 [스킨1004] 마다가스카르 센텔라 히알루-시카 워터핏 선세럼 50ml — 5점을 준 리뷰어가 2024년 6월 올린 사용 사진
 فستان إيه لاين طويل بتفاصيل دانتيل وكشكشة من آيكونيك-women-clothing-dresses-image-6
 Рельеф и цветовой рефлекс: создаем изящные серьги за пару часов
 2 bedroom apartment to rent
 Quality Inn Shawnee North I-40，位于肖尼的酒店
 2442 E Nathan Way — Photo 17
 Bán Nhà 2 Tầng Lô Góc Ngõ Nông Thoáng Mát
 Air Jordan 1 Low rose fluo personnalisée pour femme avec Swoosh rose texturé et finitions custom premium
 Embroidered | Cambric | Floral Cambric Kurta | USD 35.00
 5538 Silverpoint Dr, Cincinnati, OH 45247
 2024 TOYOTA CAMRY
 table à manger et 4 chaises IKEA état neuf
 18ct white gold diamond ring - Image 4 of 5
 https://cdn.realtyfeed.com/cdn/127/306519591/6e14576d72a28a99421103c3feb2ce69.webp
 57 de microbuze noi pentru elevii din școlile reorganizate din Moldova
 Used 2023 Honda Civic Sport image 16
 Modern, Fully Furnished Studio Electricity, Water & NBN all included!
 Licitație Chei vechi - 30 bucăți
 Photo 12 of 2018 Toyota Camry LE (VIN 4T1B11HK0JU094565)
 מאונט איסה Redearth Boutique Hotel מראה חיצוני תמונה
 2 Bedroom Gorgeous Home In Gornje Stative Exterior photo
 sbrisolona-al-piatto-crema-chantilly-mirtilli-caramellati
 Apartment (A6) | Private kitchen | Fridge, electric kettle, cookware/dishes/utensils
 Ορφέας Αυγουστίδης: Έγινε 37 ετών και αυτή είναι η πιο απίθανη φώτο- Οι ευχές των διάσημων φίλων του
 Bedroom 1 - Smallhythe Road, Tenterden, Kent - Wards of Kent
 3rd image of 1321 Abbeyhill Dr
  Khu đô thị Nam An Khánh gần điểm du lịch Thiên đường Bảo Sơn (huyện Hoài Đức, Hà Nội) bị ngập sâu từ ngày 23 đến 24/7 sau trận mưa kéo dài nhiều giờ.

******

▸ **Aim of the task**:
Begin with the first line of the records and finish with the line containing "3rd image of 1321 Abbeyhill Dr". Reproduce those lines exactly, both ends included, and nothing else.

▸ **Completed task**:
 [스킨1004] 마다가스카르 센텔라 히알루-시카 워터핏 선세럼 50ml — 5점을 준 리뷰어가 2024년 6월 올린 사용 사진
 فستان إيه لاين طويل بتفاصيل دانتيل وكشكشة من آيكونيك-women-clothing-dresses-image-6
 Рельеф и цветовой рефлекс: создаем изящные серьги за пару часов
 2 bedroom apartment to rent
 Quality Inn Shawnee North I-40，位于肖尼的酒店
 2442 E Nathan Way — Photo 17
 Bán Nhà 2 Tầng Lô Góc Ngõ Nông Thoáng Mát
 Air Jordan 1 Low rose fluo personnalisée pour femme avec Swoosh rose texturé et finitions custom premium
 Embroidered | Cambric | Floral Cambric Kurta | USD 35.00
 5538 Silverpoint Dr, Cincinnati, OH 45247
 2024 TOYOTA CAMRY
 table à manger et 4 chaises IKEA état neuf
 18ct white gold diamond ring - Image 4 of 5
 https://cdn.realtyfeed.com/cdn/127/306519591/6e14576d72a28a99421103c3feb2ce69.webp
 57 de microbuze noi pentru elevii din școlile reorganizate din Moldova
 Used 2023 Honda Civic Sport image 16
 Modern, Fully Furnished Studio Electricity, Water & NBN all included!
 Licitație Chei vechi - 30 bucăți
 Photo 12 of 2018 Toyota Camry LE (VIN 4T1B11HK0JU094565)
 מאונט איסה Redearth Boutique Hotel מראה חיצוני תמונה
 2 Bedroom Gorgeous Home In Gornje Stative Exterior photo
 sbrisolona-al-piatto-crema-chantilly-mirtilli-caramellati
 Apartment (A6) | Private kitchen | Fridge, electric kettle, cookware/dishes/utensils
 Ορφέας Αυγουστίδης: Έγινε 37 ετών και αυτή είναι η πιο απίθανη φώτο- Οι ευχές των διάσημων φίλων του
 Bedroom 1 - Smallhythe Road, Tenterden, Kent - Wards of Kent
 3rd image of 1321 Abbeyhill Dr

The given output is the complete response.